*** Opening of Material to process ***

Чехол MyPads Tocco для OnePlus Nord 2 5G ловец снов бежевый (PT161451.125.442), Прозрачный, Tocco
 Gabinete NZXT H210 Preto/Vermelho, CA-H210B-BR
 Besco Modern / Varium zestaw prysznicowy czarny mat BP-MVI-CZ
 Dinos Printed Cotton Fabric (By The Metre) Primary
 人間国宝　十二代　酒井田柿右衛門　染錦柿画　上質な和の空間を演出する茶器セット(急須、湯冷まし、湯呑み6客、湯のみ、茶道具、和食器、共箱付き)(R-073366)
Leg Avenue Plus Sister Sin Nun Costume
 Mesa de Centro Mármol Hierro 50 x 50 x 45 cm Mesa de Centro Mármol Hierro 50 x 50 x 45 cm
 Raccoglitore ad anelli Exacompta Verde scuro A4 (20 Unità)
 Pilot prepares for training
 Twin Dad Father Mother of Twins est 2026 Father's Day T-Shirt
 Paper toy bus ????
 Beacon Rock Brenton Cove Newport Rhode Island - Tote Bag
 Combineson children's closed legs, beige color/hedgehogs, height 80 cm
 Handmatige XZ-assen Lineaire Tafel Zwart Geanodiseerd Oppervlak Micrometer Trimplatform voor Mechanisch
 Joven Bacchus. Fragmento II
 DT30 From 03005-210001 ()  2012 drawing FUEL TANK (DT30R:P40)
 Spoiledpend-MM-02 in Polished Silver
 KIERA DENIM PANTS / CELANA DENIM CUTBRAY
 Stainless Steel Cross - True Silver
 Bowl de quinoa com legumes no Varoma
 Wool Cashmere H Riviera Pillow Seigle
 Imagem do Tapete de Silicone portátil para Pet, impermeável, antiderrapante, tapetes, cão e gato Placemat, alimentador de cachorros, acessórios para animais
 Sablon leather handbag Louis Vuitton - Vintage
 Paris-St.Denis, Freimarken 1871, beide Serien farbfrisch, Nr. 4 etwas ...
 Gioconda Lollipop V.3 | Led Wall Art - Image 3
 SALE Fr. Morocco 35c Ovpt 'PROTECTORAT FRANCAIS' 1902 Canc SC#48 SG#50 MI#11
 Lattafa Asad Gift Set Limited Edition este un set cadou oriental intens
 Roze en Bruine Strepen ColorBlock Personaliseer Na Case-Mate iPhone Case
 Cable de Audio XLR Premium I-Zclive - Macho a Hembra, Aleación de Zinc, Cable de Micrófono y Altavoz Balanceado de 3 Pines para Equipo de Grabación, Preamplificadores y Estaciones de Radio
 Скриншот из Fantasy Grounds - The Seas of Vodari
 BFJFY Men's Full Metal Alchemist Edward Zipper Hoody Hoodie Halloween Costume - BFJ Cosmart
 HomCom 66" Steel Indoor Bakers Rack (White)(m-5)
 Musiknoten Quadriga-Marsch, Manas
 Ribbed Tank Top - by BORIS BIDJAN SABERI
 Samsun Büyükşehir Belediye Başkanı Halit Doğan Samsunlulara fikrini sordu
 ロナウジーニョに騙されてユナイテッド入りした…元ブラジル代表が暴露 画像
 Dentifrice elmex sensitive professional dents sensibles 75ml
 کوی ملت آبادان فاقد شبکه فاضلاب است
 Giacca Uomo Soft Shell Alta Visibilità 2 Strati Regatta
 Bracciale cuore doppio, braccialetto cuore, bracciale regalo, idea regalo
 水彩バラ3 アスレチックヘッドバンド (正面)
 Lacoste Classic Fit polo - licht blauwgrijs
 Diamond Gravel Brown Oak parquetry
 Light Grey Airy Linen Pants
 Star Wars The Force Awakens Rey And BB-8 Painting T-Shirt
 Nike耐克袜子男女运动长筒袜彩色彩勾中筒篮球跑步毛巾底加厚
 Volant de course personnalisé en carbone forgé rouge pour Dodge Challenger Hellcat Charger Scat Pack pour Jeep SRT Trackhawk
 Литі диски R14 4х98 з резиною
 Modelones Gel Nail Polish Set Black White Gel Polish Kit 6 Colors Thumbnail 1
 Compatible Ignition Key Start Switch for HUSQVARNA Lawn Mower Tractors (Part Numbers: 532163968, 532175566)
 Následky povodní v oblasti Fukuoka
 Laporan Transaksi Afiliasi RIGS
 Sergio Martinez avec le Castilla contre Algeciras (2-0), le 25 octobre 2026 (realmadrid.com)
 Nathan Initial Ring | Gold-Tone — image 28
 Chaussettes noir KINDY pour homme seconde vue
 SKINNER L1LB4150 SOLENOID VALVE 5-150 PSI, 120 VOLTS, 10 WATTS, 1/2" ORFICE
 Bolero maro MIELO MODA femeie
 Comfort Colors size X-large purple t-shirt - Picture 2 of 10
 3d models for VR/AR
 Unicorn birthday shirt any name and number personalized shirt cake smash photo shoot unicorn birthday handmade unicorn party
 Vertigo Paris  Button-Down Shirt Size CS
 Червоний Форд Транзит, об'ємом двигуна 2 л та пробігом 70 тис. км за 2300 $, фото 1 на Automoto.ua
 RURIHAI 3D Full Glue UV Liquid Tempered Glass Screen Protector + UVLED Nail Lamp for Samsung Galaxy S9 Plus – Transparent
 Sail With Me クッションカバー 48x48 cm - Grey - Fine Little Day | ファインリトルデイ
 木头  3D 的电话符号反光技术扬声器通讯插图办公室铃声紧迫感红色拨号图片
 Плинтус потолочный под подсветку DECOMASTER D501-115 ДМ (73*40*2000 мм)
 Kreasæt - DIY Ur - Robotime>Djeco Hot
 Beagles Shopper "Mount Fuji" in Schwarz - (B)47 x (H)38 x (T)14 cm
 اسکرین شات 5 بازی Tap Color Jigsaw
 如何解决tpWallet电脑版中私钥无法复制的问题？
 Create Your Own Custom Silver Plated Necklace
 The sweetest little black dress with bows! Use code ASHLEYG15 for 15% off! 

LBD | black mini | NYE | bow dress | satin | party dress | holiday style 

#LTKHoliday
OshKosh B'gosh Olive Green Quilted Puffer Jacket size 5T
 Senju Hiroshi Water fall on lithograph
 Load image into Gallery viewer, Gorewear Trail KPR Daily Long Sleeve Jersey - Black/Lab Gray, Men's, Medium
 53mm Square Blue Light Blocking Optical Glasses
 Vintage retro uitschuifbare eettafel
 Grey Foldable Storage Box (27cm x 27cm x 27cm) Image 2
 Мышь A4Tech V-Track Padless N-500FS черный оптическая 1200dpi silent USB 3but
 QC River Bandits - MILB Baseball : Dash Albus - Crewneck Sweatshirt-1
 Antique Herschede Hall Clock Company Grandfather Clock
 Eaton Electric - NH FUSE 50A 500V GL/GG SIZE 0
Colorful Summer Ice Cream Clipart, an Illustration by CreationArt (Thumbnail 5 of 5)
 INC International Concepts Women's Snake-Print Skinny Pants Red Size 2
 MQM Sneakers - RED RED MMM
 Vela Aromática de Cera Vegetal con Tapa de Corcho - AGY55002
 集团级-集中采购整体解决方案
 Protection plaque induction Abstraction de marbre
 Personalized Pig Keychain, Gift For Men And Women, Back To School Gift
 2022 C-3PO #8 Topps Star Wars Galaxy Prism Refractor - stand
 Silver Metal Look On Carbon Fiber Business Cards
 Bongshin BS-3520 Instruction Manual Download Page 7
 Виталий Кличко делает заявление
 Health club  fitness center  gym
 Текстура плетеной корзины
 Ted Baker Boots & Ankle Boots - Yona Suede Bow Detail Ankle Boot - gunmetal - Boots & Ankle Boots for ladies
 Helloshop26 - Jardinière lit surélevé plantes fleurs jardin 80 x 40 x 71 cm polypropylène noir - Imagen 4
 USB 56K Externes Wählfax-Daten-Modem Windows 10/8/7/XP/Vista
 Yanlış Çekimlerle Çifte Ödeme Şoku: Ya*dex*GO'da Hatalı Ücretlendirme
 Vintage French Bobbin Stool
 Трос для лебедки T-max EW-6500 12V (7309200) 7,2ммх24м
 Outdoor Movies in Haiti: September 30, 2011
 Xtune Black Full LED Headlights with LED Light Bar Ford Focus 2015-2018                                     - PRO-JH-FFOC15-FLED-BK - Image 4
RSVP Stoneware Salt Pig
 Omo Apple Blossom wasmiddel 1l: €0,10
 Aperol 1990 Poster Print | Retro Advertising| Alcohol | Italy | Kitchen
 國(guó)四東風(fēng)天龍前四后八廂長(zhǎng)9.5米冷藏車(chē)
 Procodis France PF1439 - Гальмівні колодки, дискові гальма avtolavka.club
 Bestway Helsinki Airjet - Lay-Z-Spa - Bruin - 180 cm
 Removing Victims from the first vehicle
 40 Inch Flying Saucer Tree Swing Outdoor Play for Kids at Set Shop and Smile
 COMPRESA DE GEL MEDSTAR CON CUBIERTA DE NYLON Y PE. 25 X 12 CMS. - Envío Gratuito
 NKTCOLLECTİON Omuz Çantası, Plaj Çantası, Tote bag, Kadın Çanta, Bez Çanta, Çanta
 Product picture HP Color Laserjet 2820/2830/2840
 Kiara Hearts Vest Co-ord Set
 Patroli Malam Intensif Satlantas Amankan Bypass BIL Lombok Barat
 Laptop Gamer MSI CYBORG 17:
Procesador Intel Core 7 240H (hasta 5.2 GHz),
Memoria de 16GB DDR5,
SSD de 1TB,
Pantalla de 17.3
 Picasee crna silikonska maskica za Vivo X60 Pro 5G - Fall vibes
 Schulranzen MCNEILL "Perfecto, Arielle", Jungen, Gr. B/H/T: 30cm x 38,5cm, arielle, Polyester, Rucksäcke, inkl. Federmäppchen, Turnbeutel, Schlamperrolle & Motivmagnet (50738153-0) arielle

*** Close of Material to process ***

Using the entries shown above, reproduce verbatim the lines from the line bearing "OshKosh B'gosh Olive" to the line bearing "INC International Concepts", inclusive.

▶ Answer section:
OshKosh B'gosh Olive Green Quilted Puffer Jacket size 5T
 Senju Hiroshi Water fall on lithograph
 Load image into Gallery viewer, Gorewear Trail KPR Daily Long Sleeve Jersey - Black/Lab Gray, Men's, Medium
 53mm Square Blue Light Blocking Optical Glasses
 Vintage retro uitschuifbare eettafel
 Grey Foldable Storage Box (27cm x 27cm x 27cm) Image 2
 Мышь A4Tech V-Track Padless N-500FS черный оптическая 1200dpi silent USB 3but
 QC River Bandits - MILB Baseball : Dash Albus - Crewneck Sweatshirt-1
 Antique Herschede Hall Clock Company Grandfather Clock
 Eaton Electric - NH FUSE 50A 500V GL/GG SIZE 0
Colorful Summer Ice Cream Clipart, an Illustration by CreationArt (Thumbnail 5 of 5)
 INC International Concepts Women's Snake-Print Skinny Pants Red Size 2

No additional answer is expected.